>>

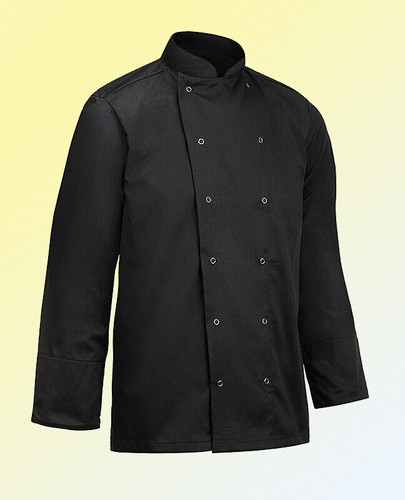 Poly cotton chef - chef, jacket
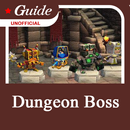 Guide for Dungeon Boss APK
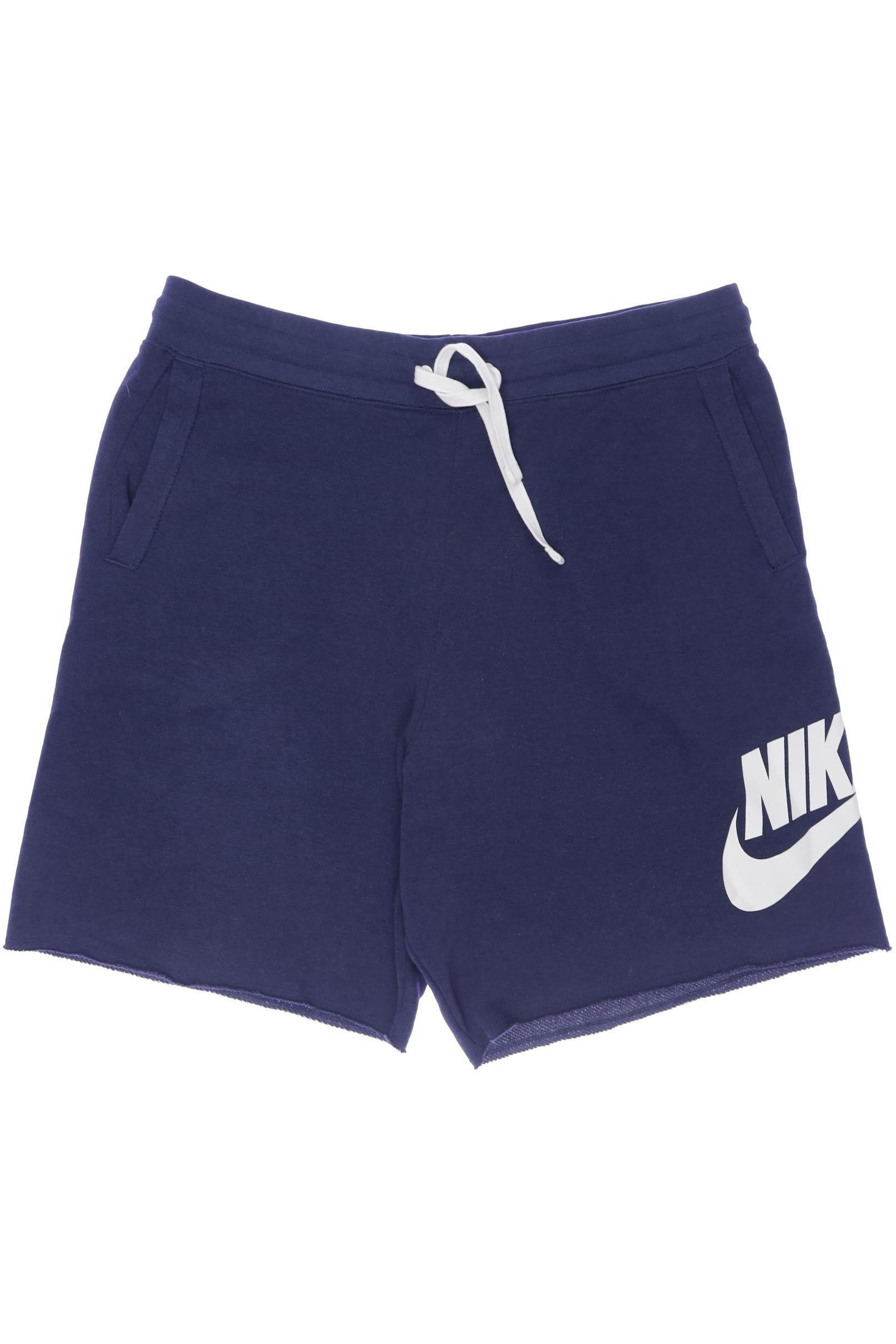 

Nike Herren Shorts, marineblau, Gr. 54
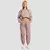 GymBeam Women‘s Aura Cropped Sweatshirt Roux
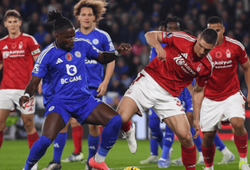 Nhận định bóng đá Nottingham vs Leicester: Không còn đường lùi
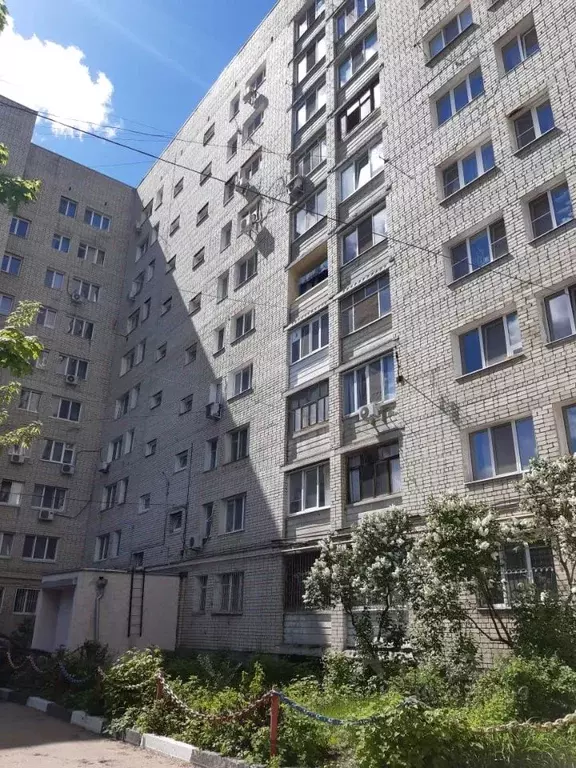 3-к кв. Саратовская область, Саратов Шарковка мкр, 3 (64.3 м) - Фото 0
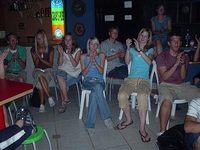 Crab Hostel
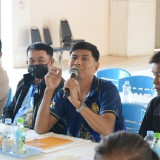โครงการจัดการขยะมูลฝอยแบบยั่งยืนสร้างตำบลน่าอยู่ ประจำปีงบประมาณ พ.ศ. ๒๕๖๗ โดยกลุ่มเป้าหมายการอบรม รุ่นที่ ๒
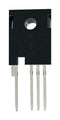 TOSHIBA TW030Z120C,S1F(S Silicon Carbide MOSFET, Single, N Channel, 60 A, 1.2 kV, 0.03 ohm, TO-247 TW030Z120C, TW030Z120C,S1F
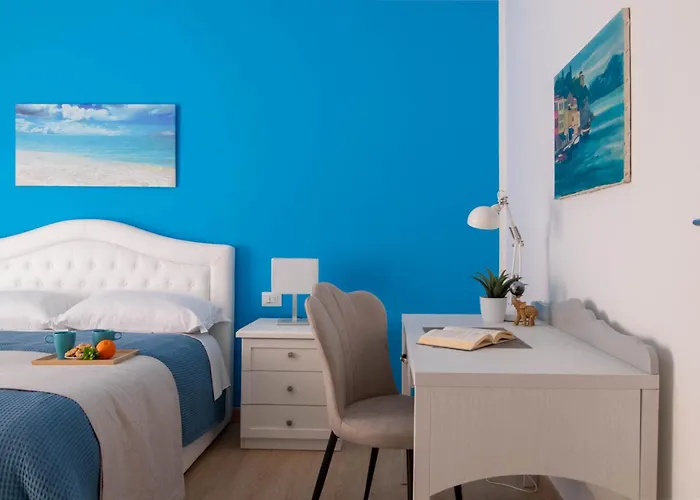 Sirius - Affitti Brevi Italia Apartment Rapallo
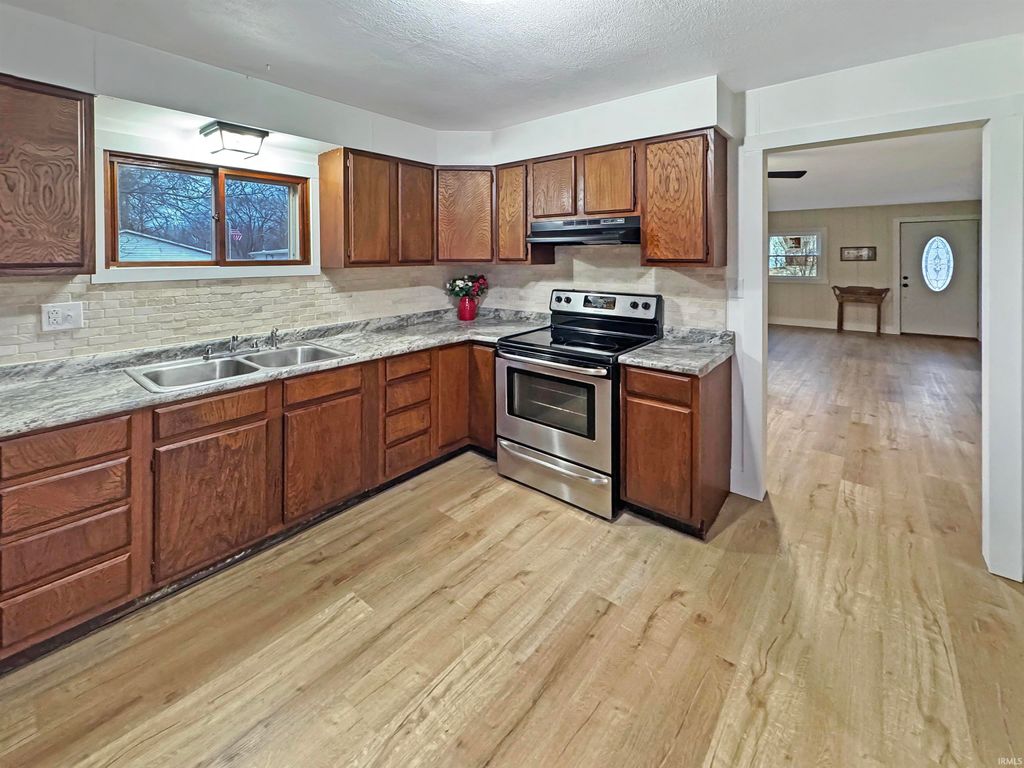 Photo of 3604 N Kentucky Avenue, Evansville, IN 47711 (MLS # 202601234)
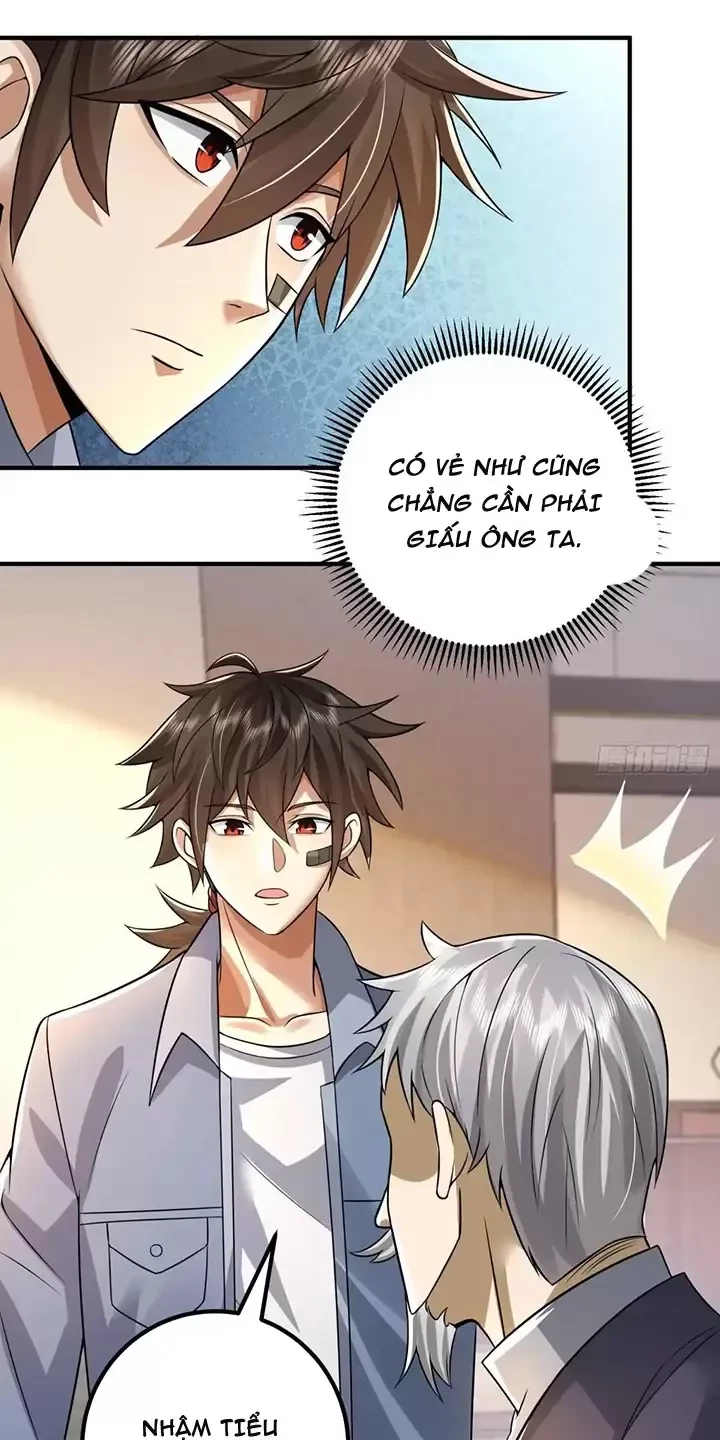 Đệ Nhất Danh Sách Chapter 335 - Trang 2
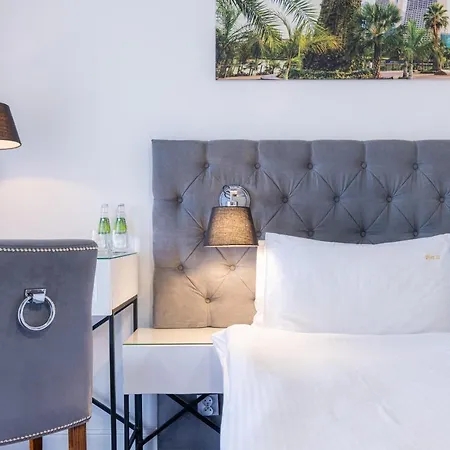 Port 21 Pura Pool & Design - Adults Only Krynica Morska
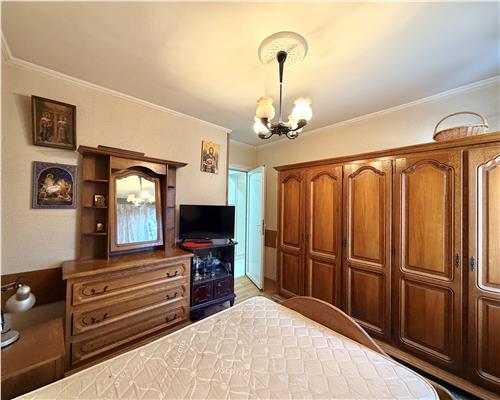 Apartament 3 camere, 2 bai, Republicii Mega Image, Ploiesti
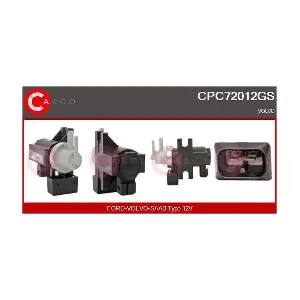 CPC72012GS CASCO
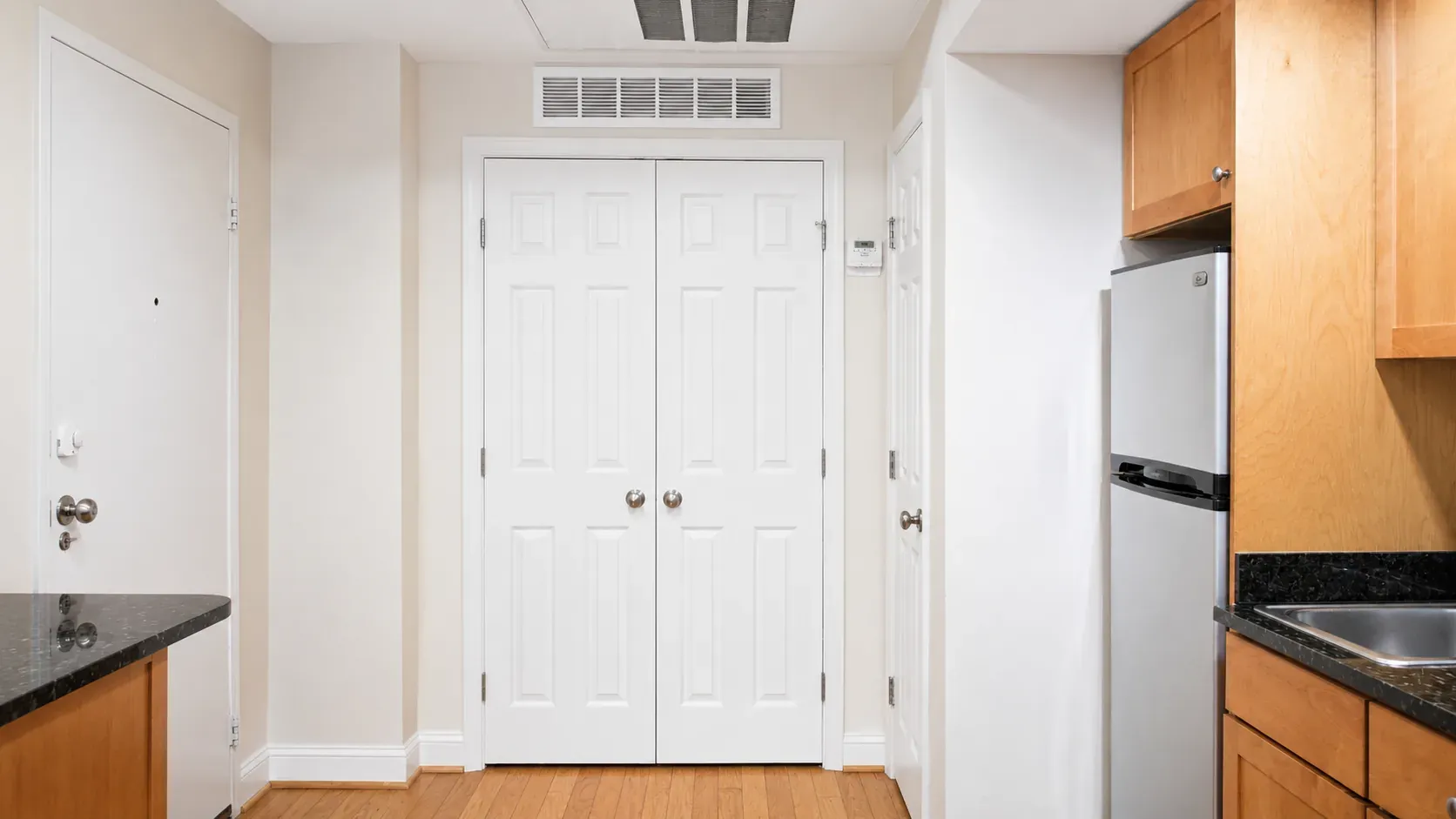 The Windermere-Harrowgate — Unit W207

<<

WHAT YOU HAVE TO DO ::
The data above needs to be retyped exactly, with the images left out.

ANSWER SPACE ::
 Poly cotton chef - chef, jacket
 Guide for Dungeon Boss APK

Nike Herren Shorts, marineblau, Gr. 54
 GymBeam Women‘s Aura Cropped Sweatshirt Roux
 Nhận định bóng đá Nottingham vs Leicester: Không còn đường lùi
 3-к кв. Саратовская область, Саратов Шарковка мкр, 3 (64.3 м) - Фото 0
 Crab Hostel
โครงการจัดการขยะมูลฝอยแบบยั่งยืนสร้างตำบลน่าอยู่ ประจำปีงบประมาณ พ.ศ. ๒๕๖๗ โดยกลุ่มเป้าหมายการอบรม รุ่นที่ ๒
 TOSHIBA TW030Z120C,S1F(S Silicon Carbide MOSFET, Single, N Channel, 60 A, 1.2 kV, 0.03 ohm, TO-247 TW030Z120C, TW030Z120C,S1F
 Sirius - Affitti Brevi Italia Apartment Rapallo
 Photo of 3604 N Kentucky Avenue, Evansville, IN 47711 (MLS # 202601234)
 Đệ Nhất Danh Sách Chapter 335 - Trang 2
 Port 21 Pura Pool & Design - Adults Only Krynica Morska
 Apartament 3 camere, 2 bai, Republicii Mega Image, Ploiesti
 CPC72012GS CASCO
 The Windermere-Harrowgate — Unit W207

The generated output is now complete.